**Assigned task**
Look for the line containing "Catina Copac, Anul 2, 1 Bucata" and the line containing "ADEN TRIRUMOKO/istockphoto.com" in the entries below. Copy those two and all lines between them exactly, leaving out pictures.
------ Exercise input ------
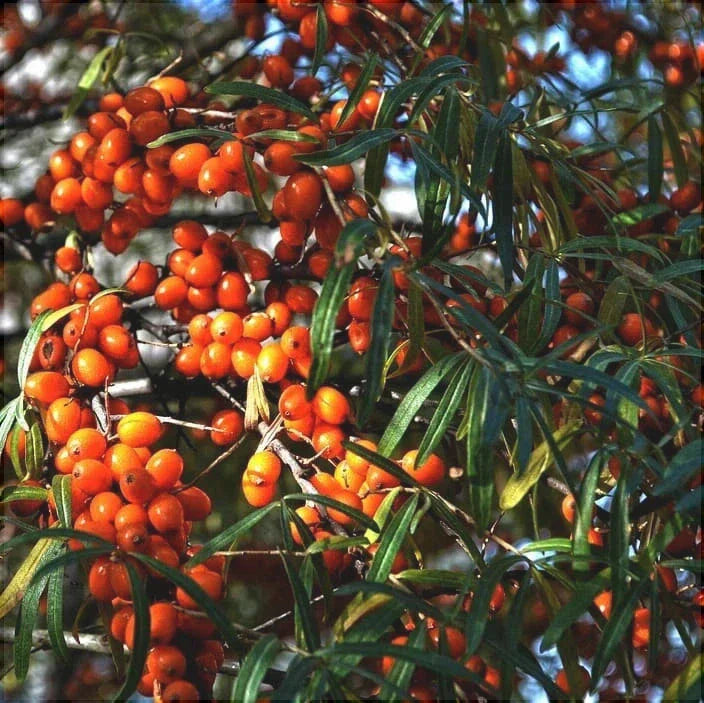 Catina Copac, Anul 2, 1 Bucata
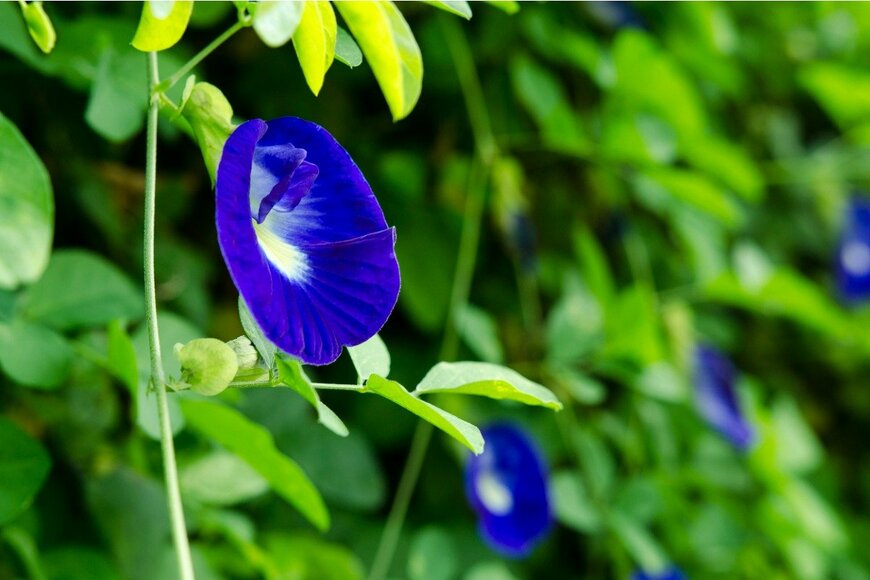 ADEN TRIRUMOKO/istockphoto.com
------
------ Exercise input ------
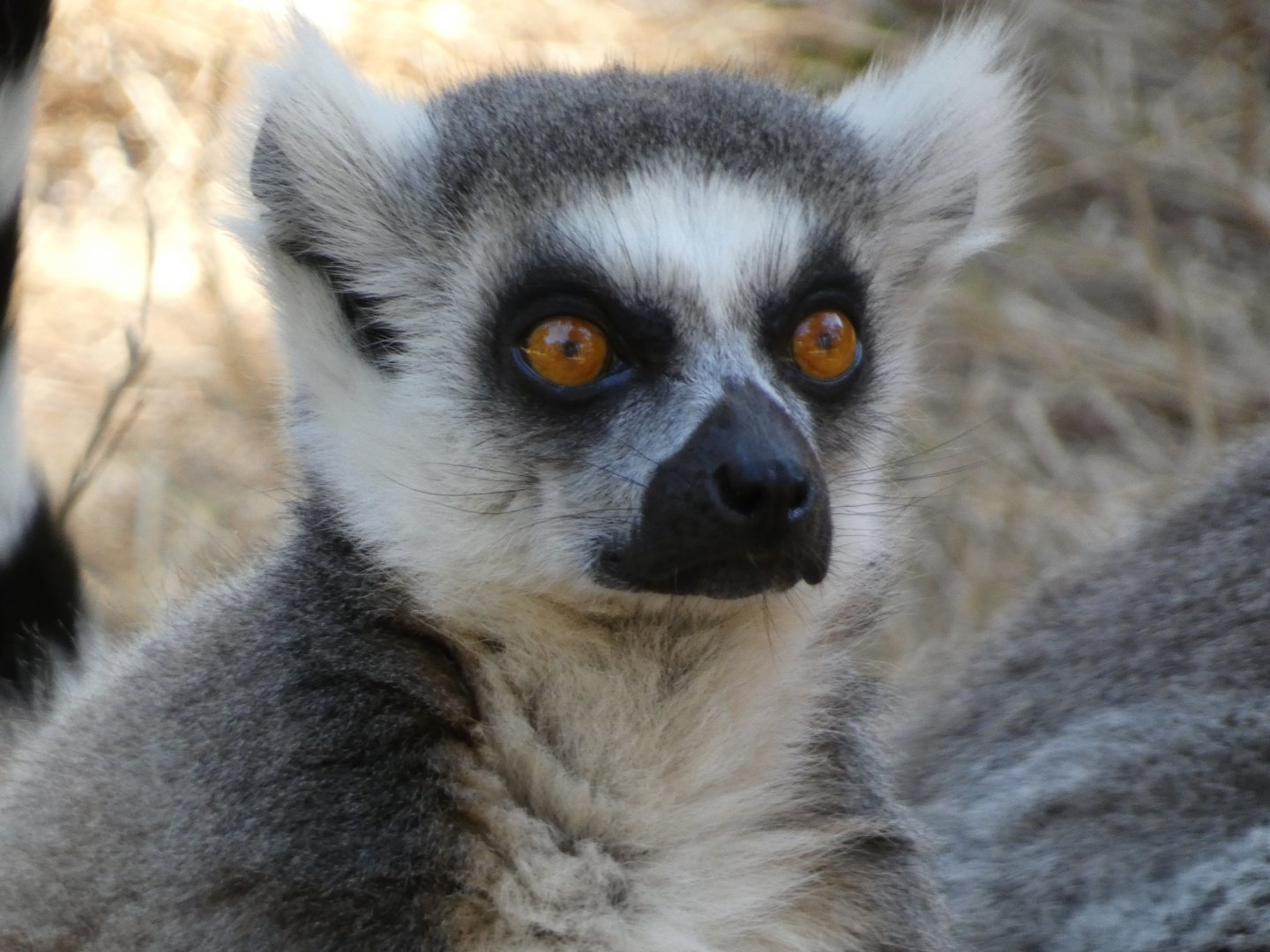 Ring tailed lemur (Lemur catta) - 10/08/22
------
**Answer below**
 Catina Copac, Anul 2, 1 Bucata
 ADEN TRIRUMOKO/istockphoto.com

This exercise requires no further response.